Exercise data =
* * * *

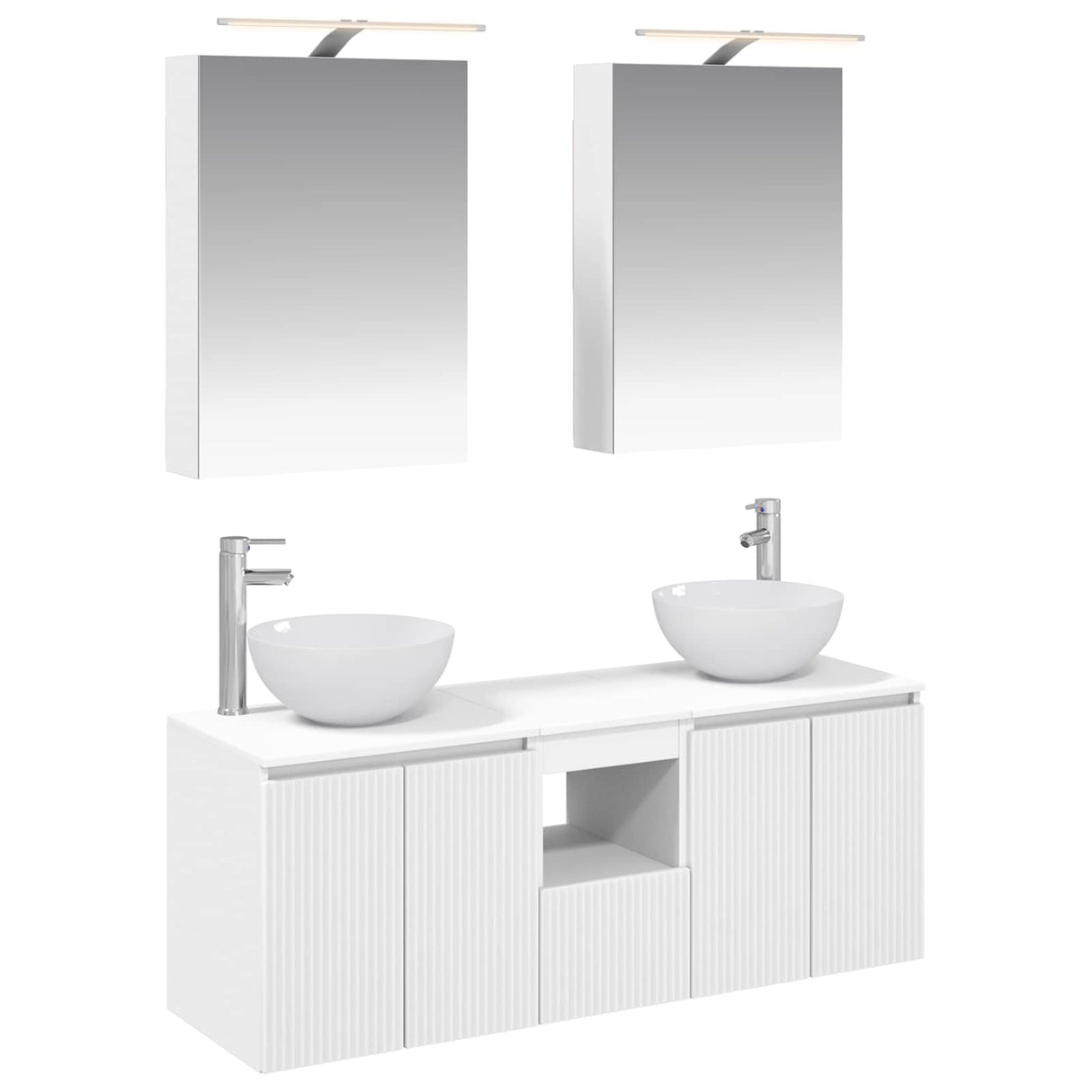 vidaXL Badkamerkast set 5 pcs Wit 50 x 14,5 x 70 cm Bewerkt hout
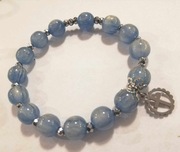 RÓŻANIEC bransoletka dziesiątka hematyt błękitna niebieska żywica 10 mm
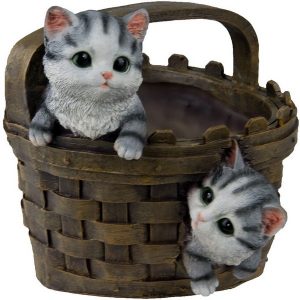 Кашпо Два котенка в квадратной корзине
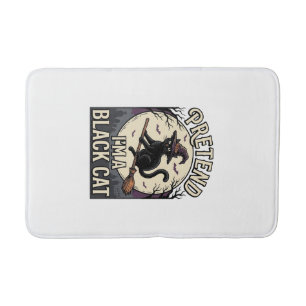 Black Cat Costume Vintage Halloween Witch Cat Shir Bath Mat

* * * *

Task requirements = Return exactly the lines starting at the line with "RÓŻANIEC bransoletka dziesiątka" and ending at the last line of the listing, both ends included; pictures are to be left out.

Result for this exercise =
 RÓŻANIEC bransoletka dziesiątka hematyt błękitna niebieska żywica 10 mm
 Кашпо Два котенка в квадратной корзине
 Black Cat Costume Vintage Halloween Witch Cat Shir Bath Mat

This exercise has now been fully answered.